= St. Stanislaus Kostka Church (Wilmington, Delaware) =

Catholic church in Delaware, US, 1913–2009

St. Stanislaus Kostka Church in Wilmington, Delaware, United States, was founded November 23, 1913, as a Roman Catholic Church on the East Side of Wilmington to serve the needs of a growing Polish immigrant community. The Church was a part of the Diocese of Wilmington, until its closure on February 15, 2009.

==History==
During the late years of the nineteenth century and early twentieth century, many Polish immigrants came to America seeking a better future and way of life. They brought with them their religion, as well as many customs and traditions. Many settled in Wilmington during this time, particularly on the West Side of Wilmington in the Hedgeville/Browntown area. They worked together and formed St. Hedwig's Parish in the late eighteen hundreds, with the supervision and guidance of Monsignor John S. Gulcz, who was born in Poznan, Poland, and arrived in Delaware in 1896 to serve the Polish community.

As time went on, the Polish population began to expand into the East Side of Wilmington, attracted by the shipbuilding and leather works industries. The immigrants faced the problem of not being able to send their children all the way across town to St. Hedwig's parish school. Faced with the problem of establishing a home and raising their children, they had little money. Most troubling of all, they could not worship in their native tongue. The immigrants requested Monsignor Gulcz to establish a new parish on the East Side of Wilmington where they could worship closer to their homes.
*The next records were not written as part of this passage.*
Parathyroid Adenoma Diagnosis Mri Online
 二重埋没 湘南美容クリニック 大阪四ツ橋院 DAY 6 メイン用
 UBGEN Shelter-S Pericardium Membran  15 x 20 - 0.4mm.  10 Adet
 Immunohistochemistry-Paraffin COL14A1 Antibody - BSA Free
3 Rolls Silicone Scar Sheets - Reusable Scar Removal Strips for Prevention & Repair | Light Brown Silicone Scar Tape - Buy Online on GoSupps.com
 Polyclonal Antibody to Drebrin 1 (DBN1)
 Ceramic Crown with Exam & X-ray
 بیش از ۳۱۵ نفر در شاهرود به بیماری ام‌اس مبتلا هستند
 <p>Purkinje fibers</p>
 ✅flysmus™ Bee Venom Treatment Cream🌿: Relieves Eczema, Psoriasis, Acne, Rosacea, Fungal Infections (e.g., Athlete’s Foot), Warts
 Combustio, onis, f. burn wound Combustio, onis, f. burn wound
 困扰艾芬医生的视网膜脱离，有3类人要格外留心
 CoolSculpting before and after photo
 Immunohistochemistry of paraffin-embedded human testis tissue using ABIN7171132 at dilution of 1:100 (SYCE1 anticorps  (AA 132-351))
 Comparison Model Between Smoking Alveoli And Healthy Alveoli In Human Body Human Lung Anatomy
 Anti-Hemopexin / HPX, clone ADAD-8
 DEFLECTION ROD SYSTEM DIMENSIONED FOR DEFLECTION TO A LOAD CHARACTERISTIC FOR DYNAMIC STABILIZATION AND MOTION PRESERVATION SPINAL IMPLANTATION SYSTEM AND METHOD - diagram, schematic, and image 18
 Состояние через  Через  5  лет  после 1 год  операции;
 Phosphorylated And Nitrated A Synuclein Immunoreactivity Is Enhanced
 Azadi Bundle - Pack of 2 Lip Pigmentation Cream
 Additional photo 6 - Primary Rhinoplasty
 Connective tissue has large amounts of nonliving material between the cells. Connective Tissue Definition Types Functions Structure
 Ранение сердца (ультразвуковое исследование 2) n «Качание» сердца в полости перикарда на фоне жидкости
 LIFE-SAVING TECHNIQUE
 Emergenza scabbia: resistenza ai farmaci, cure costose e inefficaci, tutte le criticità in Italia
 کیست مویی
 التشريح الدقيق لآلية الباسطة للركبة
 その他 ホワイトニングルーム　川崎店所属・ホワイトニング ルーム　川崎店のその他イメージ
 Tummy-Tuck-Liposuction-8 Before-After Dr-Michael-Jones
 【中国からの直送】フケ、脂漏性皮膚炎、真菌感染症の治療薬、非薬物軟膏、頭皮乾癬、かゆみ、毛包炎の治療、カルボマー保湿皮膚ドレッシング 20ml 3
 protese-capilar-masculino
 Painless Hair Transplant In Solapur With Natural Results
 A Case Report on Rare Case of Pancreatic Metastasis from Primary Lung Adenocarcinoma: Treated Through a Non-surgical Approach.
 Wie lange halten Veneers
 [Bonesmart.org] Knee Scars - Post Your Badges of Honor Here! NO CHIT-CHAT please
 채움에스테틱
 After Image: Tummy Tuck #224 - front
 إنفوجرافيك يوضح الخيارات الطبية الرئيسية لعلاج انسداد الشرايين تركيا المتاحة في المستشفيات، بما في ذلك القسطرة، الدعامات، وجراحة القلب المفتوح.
On November 8, 1912, Monsignor Gulcz obtained permission from Bishop John James Joseph Monaghan to build a new Polish parish on the East Side of Wilmington. In the time before the new church could be built, the Polish immigrants attended Mass and liturgical services in the basement of St. Mary of the Immaculate Conception Church at 6th and Pine streets, which was consecrated by St. John Neumann. The new church was officially completed and consecrated, with the cornerstone laid on November 23, 1913. Former parishioners and pictures indicated that the event attracted over 1200 people and stretched from the end of East 7th and Church Streets all the way to the railroad bridge adjacent to the Church. Searching through the history of the parish, there was no special grant of any large sum of money or donations made in order to build the Church. Money had to be collected in small increments and for the most part the parishioners built the church themselves with their own talents, time, and resources.

The first pastor, Rev. John Supinski, was appointed in October 1912, but only stayed about fifteen days. The church was originally called "Holy Spirit", but during Supinski's brief tenure it was renamed at the request of the parishioners "St. Stanislaus Kostka". The parochial school was staffed by the Felician Sisters. It closed in 1972. The parish, throughout its many years, was credited with inspiring many religious vocations.

The parish remained active for about ninety-seven years and was an integral part of the Diocese of Wilmington. St. Stanislaus was instrumental in preserving many of the traditional Polish religious customs: Corpus Christi, the blessing of flowers on the Feast of the Assumption, Gorzkie żale, the blessing of food at Easter (Swieconka), and many others. The parish organized many fund-raising events, had weekly bingo games for many years, Polka dances, food festivals, and established internal Catholic societies for religious devotions including the Holy Rosary and Holy Name Societies. Mayor John E. Babiarz Sr., a lifelong parishioner, went on to become Wilmington's mayor in 1960s.

Eventually many of the parishioners migrated to the suburbs. Due to the reduced number of parishioners and a decline in the number of available priests, the parish of St. Stanislaus Kostka closed on February 15, 2009. A final closing Mass was celebrated by Bishop Michael Angelo Saltarelli. More than 500 people attended, including many former parishioners and school students.

A list of the past Pastors (Priests) of St. Stanislaus Kostka Church, in chronological order:
- John Supinski
- Szymon Nawrocki
- Anthoni C. Oleksinski
- Sylvester Hosinski
- Stanley Delikat
- Alex Gorski
- Francis Szperka
- Edward Kaczorowski

==Today==
Many of St. Stanislaus' former parishioners now attend St. Hedwig Church in Wilmington, located on the corner of Linden and South Harrison Streets. A special remembrance Mass on November 24, 2013, was celebrated by Fr. Christopher Coffiey, who grew up in St. Stanislaus parish.

A great number of the religious articles and objects in the church were distributed to various churches in the Diocese. The marble crucifix and marble side altar from St. Stanislaus Kostka went to St. Polycarp's in Smyrna. Additionally, the main marble altar from the closed church was placed in St. Mary Magdalene Church in Sharpley, DE.

The present church building, which was deconsecrated, adjacent school, hall, and convent remain on the block East 7th, 8th, Locust and Buttonwood Streets in Wilmington, Delaware. These facilities no longer belong to the Catholic Church, and are now owned by the Protestant Highway Word of Faith Church.